I wouldn't include those requirements in a string library specification and
thereby simplify the implementation or at least make it more space
efficient. I'd actually include that as a NON-specification, preferring to
specify "grep file" and requirements like that elsewhere especially since
files are likely to be large in bytes (the max unsigned integer size).

Tony
 
B

Ben Pfaff

Tony said:
That's a relevant example then. But will I use a 32-bit length field in the
string class I am currently reworking based on that? Maybe, but probably
not. Maybe that will be "bigstring" rather then "string". Should a 32-bit
length field be used in a language level, general string class? Maybe more
compelling there, but maybe a *choice* of lower overhead would be lucrative:
"string", "smallstring".

I would use size_t for the string length. In normal C
implementations, size_t is sufficient to hold the longest
possible string.
 
F

Flash Gordon

CBFalconer said:
See my reply to Keith Thompson. You can't legally get calloc to
create anything larger than SIZE_MAX, because you can't specify
such a value.

Yes you can as has already been shown in this thread. For one argument
to calloc you pass SIZE_MAX and for the other argument any value greater
than one.

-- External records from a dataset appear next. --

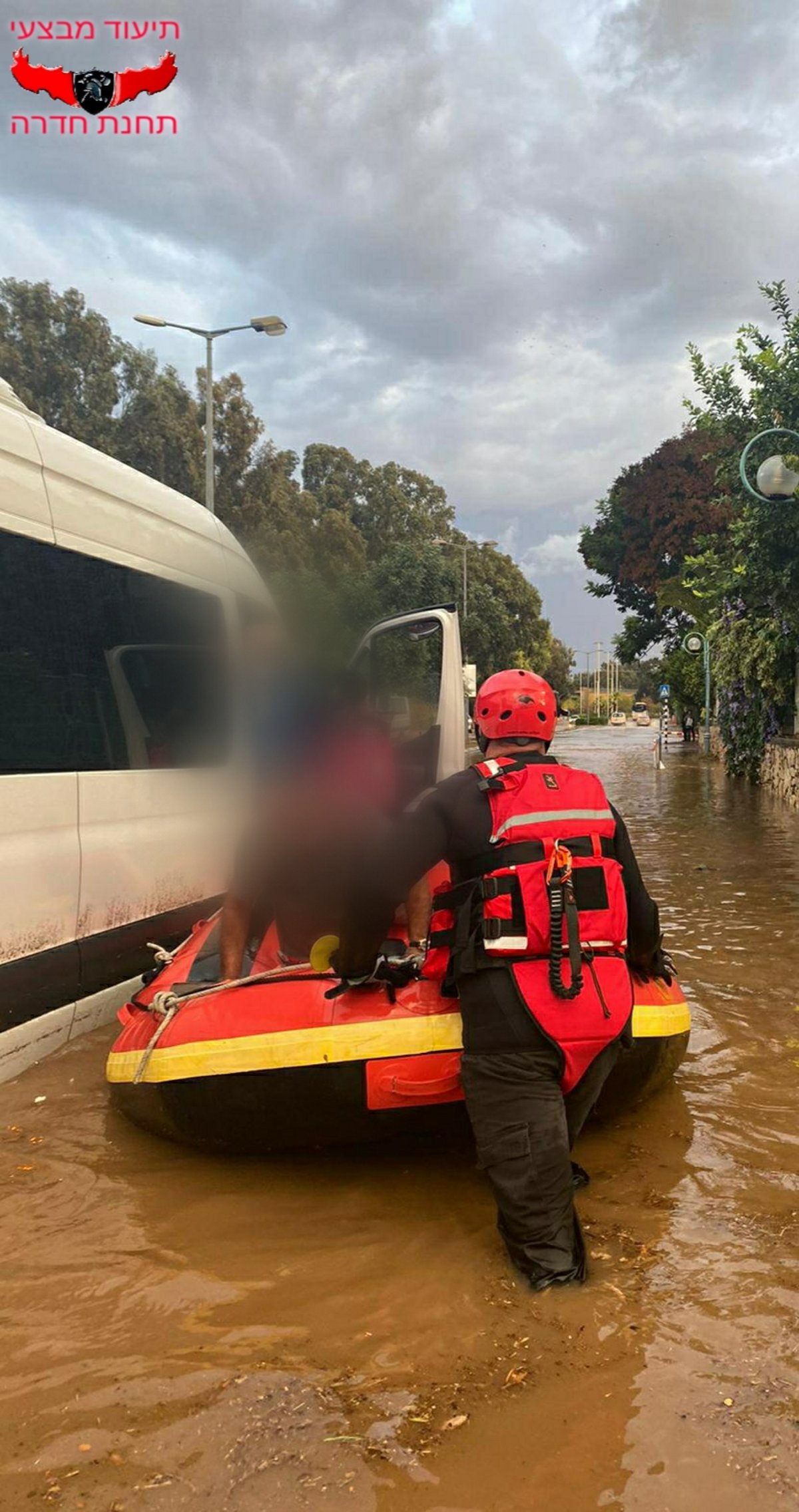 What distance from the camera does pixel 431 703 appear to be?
4.86 m

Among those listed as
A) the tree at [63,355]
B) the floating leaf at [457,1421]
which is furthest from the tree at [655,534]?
the floating leaf at [457,1421]

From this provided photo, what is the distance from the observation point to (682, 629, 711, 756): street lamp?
112 ft

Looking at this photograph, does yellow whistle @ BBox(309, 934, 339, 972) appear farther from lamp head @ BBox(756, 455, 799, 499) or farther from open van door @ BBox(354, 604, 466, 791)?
lamp head @ BBox(756, 455, 799, 499)

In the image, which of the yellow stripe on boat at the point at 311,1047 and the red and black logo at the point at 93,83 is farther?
the red and black logo at the point at 93,83

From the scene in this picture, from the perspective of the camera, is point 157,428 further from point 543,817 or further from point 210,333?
point 543,817

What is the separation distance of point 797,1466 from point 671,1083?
96.6 inches

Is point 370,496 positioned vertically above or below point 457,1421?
above

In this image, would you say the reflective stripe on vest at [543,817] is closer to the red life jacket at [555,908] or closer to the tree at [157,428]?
the red life jacket at [555,908]

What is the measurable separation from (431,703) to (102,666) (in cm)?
149

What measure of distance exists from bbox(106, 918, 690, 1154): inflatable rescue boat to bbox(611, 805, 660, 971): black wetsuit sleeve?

Other argument combinations will also achieve the same result.
The size_t operands are unsigned integers and follow
the rules for unsigned overflows etc.

Irrelevant unless you can show somewhere in the specification for size_t
that the standard requires that calloc perform a multiplication of its
two parameters using the size_t type. Hint, it doesn't.

If you want to say something cannot be done legally you need to provide
a quote from the standard that proves it. The definition of sizeof has
already been demonstrated to NOT be such relevant.